● Available data
+++

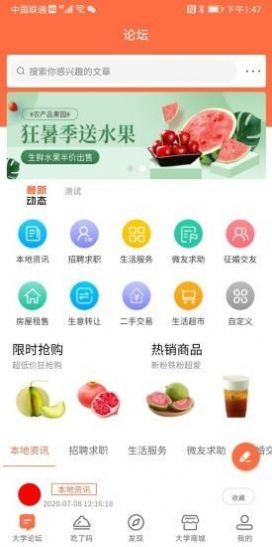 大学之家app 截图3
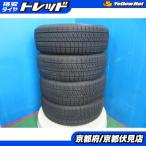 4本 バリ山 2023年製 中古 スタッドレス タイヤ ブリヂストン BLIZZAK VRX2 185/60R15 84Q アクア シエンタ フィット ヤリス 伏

+++

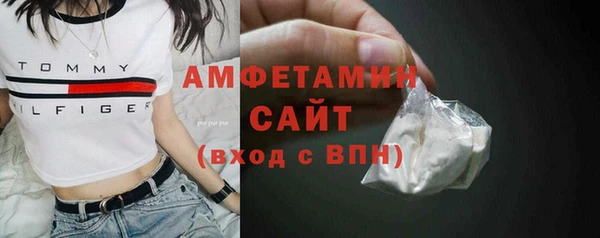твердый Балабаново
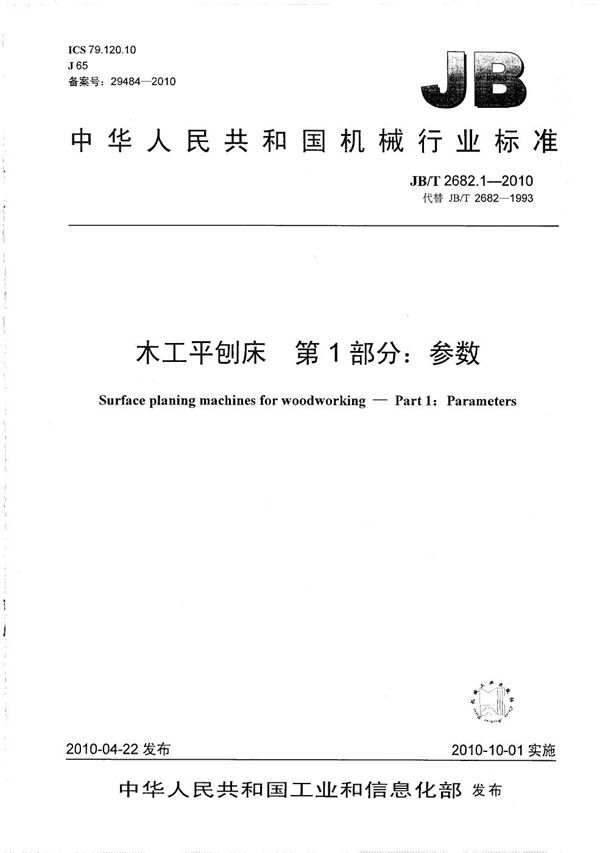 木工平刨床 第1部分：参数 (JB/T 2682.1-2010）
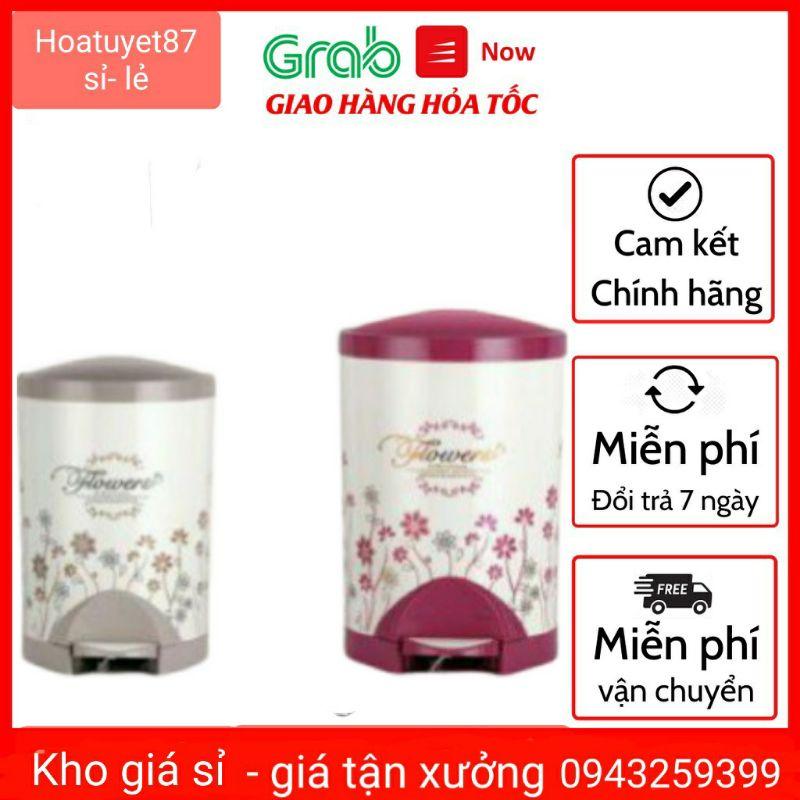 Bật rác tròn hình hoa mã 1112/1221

+++

● Problem
In the records above, find the line containing "木工平刨床 第1部分：参数 (JB/T 2682.1-2010）" and the line containing "Bật rác tròn hình hoa mã 1112/1221", then give both of them again word for word along with every line between. Omit any pictures.

● Response to the task
 木工平刨床 第1部分：参数 (JB/T 2682.1-2010）
 Bật rác tròn hình hoa mã 1112/1221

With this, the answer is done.